In a data.frame
, I have a categorical variable for the language of a text. But, while most texts are only in one language, some have multiple languages. In my data, they appear in the same column, divided by comas:
text = c("Text1", "Text2", "Text3")
lang = c("fr", "en", "fr,en")
d = data.frame(text, lang)
Visually:
text lang
1 Text1 fr
2 Text2 en
3 Text3 fr,en
I'd like to plot the number of texts in each language, with Text3 being counted both in fr
and in en
.
I found how to split, with:
d$lang <- strsplit(d$lang, ",")
But then I can't find a way to plot it correctly, e.g. with a qplot
barplot like this one:
qplot(lang, data=d)
Am I doing it right? Is there a better approach?
You could try:
library(splitstackshape)
dl <- cSplit(d, "lang", ",", "long")
qplot(lang, data = dl)
Without following the suggestion in user20650's comment, you probably won't be able to get away without restructuring your data, and how you do that cannot be blind to the way the data is arbitrarily stored. For example, if you know that the languages are represented by distinct, two-character strings (so that, for example, any language representation that isn't "fr" does not contain the sequence "fr"), you could create new boolean columns based on searches for the codes in the comma-separated representation. For example:
# Data
text = c("Text1", "Text2", "Text3", "Text4", "Text5")
lang = c("fr", "en", "fr,en", "sp,fr", "sp,fr,en")
d = data.frame(text, lang, stringsAsFactors = FALSE)
# Get a vector of the languages that exist
languages <- unique(unlist(strsplit(d$lang, ",")))
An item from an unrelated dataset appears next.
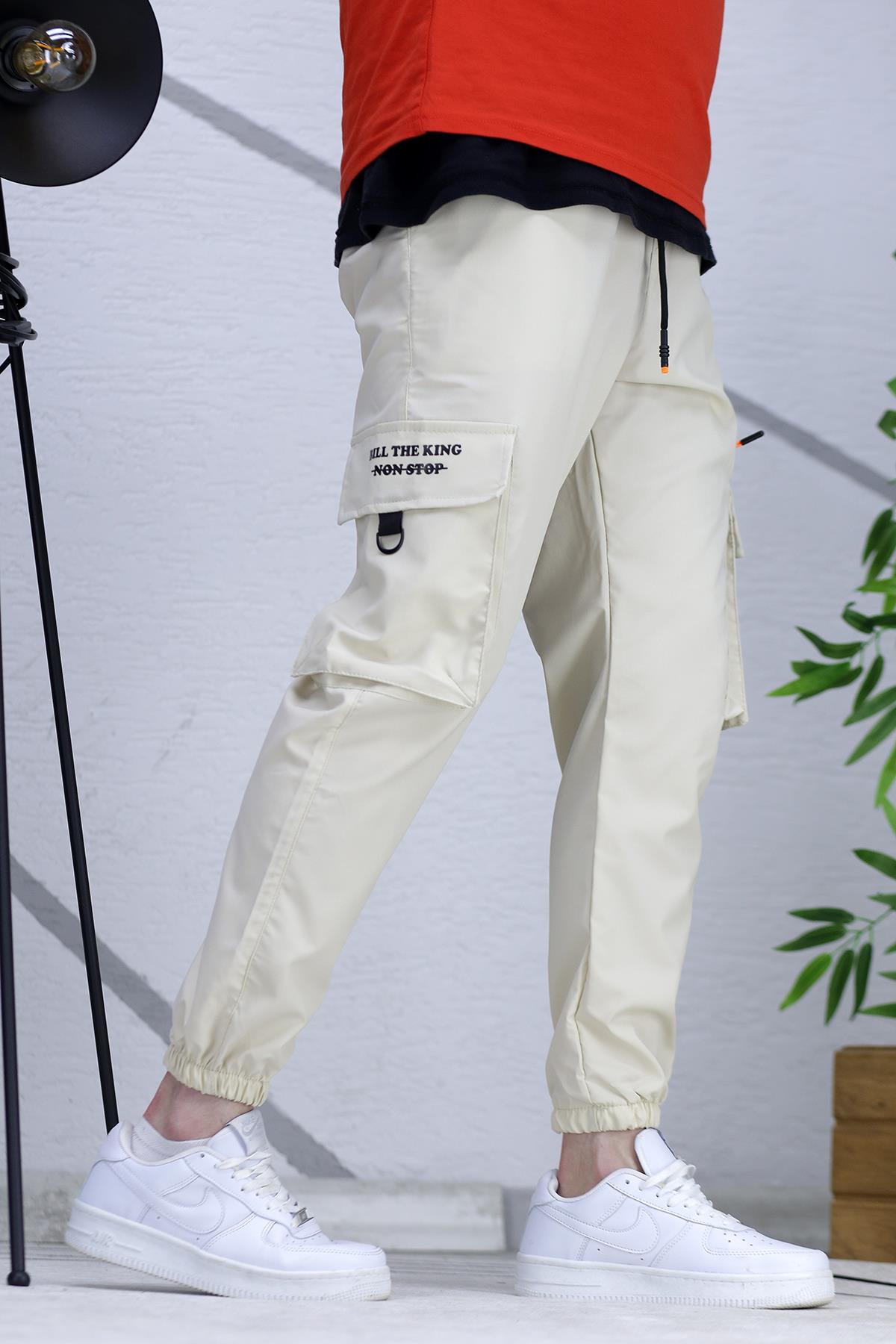 Erkek Fermuar Detaylı Paraşüt Kargo Pantolon (DAR KESİM) - Taş Rengi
# Create a new column for each language
for (language in languages) d[[language]] <- grepl(language, d$lang)
# An example bar-plot
barplot(colSums(d[, -c(1, 2)]))
Consider tidyr::separate()
to split and tidyr::gather()
to make it long.
library(magrittr)
ceiling <- 2L #The max language count of any single text
language_positions <- paste0("language_", seq_len(ceiling))
d %>%
tidyr::separate("lang", language_positions, sep=",", extra="merge") %>%
tidyr::gather_("ordinal", "language_name", language_positions) %>%
dplyr::filter(!is.na(language_name))
The resulting long dataset is:
text ordinal language_name
1 Text1 language_1 fr
2 Text2 language_1 en
3 Text3 language_1 fr
4 Text3 language_2 en
If you want to break it into two smaller steps. The separate()
creates a wide dataset,
> d_wide <- d %>%
+ tidyr::separate_("lang", language_positions, sep=",", extra="merge")
> d_wide
text language_1 language_2
1 Text1 fr <NA>
2 Text2 en <NA>
3 Text3 fr en
...and then gather()
converts it to tall.
d_long <- d_wide %>%
tidyr::gather_("ordinal", "language_name", language_positions) %>%
dplyr::filter(!is.na(language_name))
For other reasons, I suggest adding , stringsAsFactors=F
when you define d
, but tidyr
's separate functions don't seem to mind. The qplot call can remain the same: qplot(language_name, data=d_long)
.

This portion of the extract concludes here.